Mistakes from Famous Books

Perhaps some of the authors should have sought out lisa-barry.co.uk...
  1. In Harry Potter and the Goblet of Fire, it says Harry says to Sirius in one of his letters that Dudley chucked his Playstation out of the window. However, book 4 takes place in 1994, and the Playstation wasn't launched in the UK until 1995. (My brother noticed this one-- obviously!)
  2. In the Da Vinci Code, Silas has severe albinism and should be legally blind. People with even mild albinism have impaired vision due to lack of retinal pigmentation.
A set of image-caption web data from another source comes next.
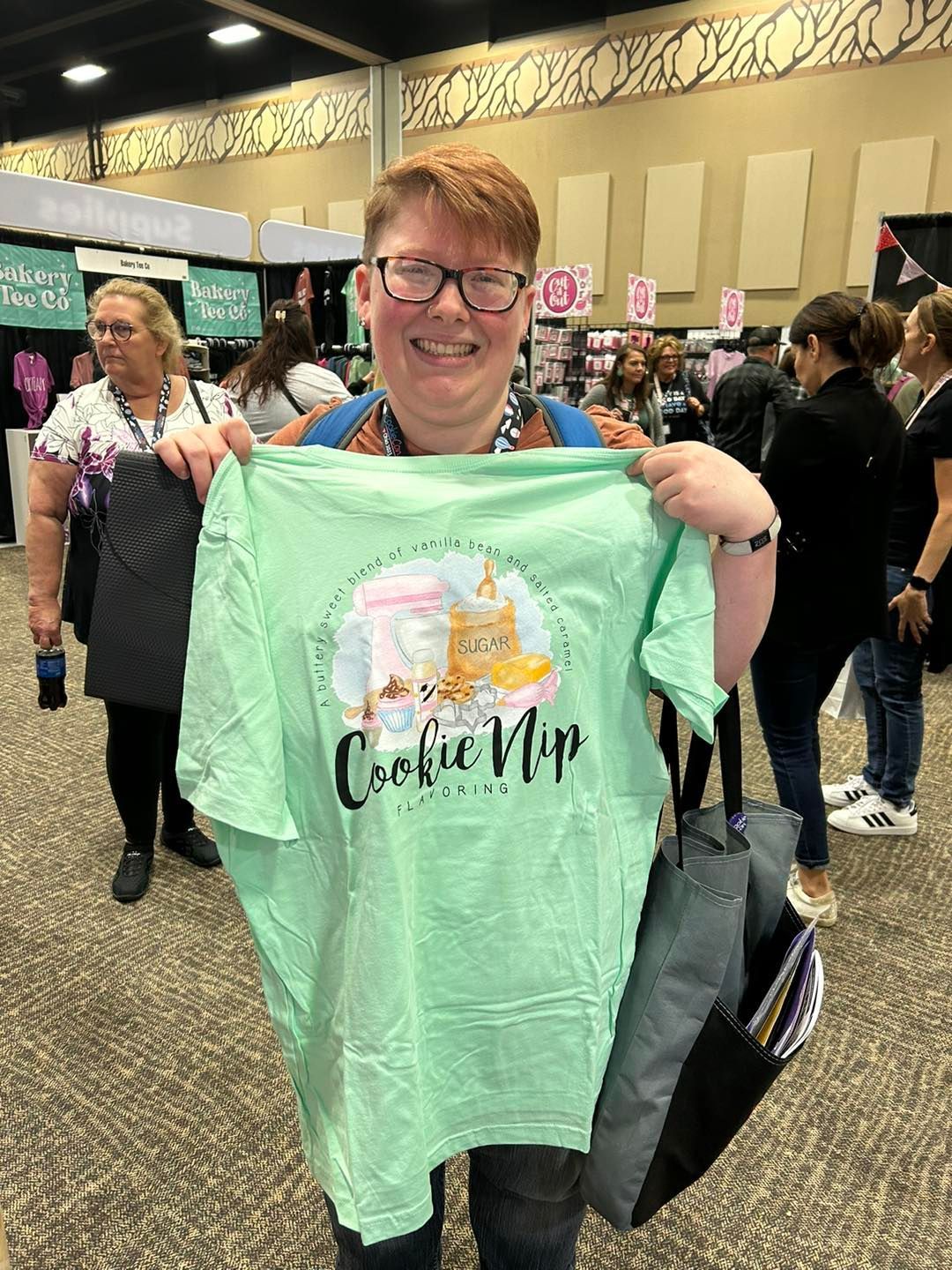 A smiling person holds up a light green t-shirt featuring a cat and the words 
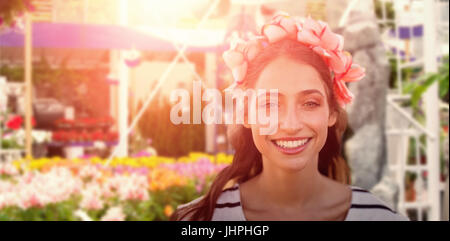 Beautiful smiling woman with a flower crown against fake waterfall in garden center Stock Photo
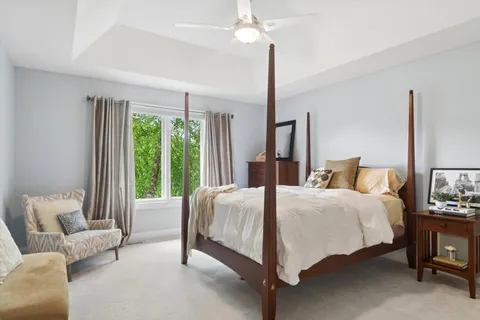 a bedroom with a bed couch and window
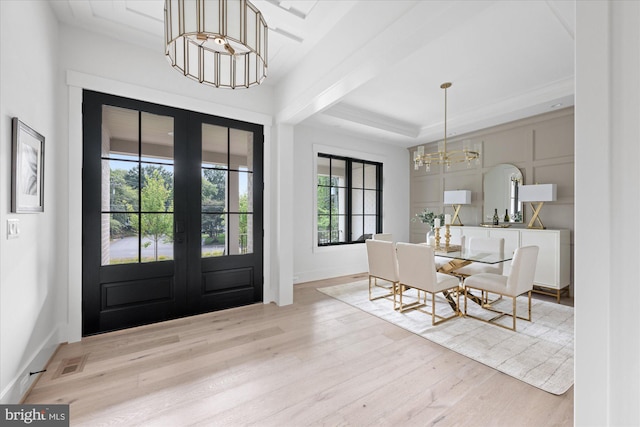 foyer with a wealth of natural light, a chandelier, and light wood-type flooring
There is no way Silas would be able to fire a gun over a distance with any accuracy or drive a car, yet he does both these things.
  3. In the Green Mile, at the start of Part 6, the men let Percy out of the closet. They take the tape off his mouth and he starts to rub his lips, then lowers his hand to speak. Problem is he's still in the straight-jacket at this point.
  4. In the Godfather, the age of Tom Hagen when he moved in with the Corleones is never consistent. At the start of Book I, Michael says Tom was 12 when Sonny brought him home and demanded they take him in; later in Book I, Tom says both he and Sonny were both 11. Then, in Book III, when recounting how Sonny had taken part in an armed robbery when he was 16, Don Corleone says that Tom had been living with them for three years at this point, which would place Sonny and Tom at 13 when Tom moved in.
  5. In Breaking Dawn, on page 39, it said that when Charlie got up Bella made him pancakes. Later, it says that Charlie scowled into his cereal bowl.
  6. In It, Eddie's broken arm changes around, sometimes it's the left arm that's broken, sometimes it's the right.
  7. In Angels and Demons, when Vittoria shows Kohler and Langdon the underground lab, she searches for the dial tone on her cellphone (and fails as they are underground), thrice. Cellphones don't have dial tones.
  8. In the Mixed-Up files of Mrs. Basil E. Frankweiler, Claudia and Jamie stay in one of the museum's beds while hiding out in the museum. The card at the foot of the bed claims that the bed itself was the "scene of the alleged murder of Amy Robsart, wife of Robert Dudley, Earl of Leicester". Except that Amy Robsart was killed when she fell down the stairs in her house - nothing at all to do with a bed. The Metropolitan Museum would have done some research into that.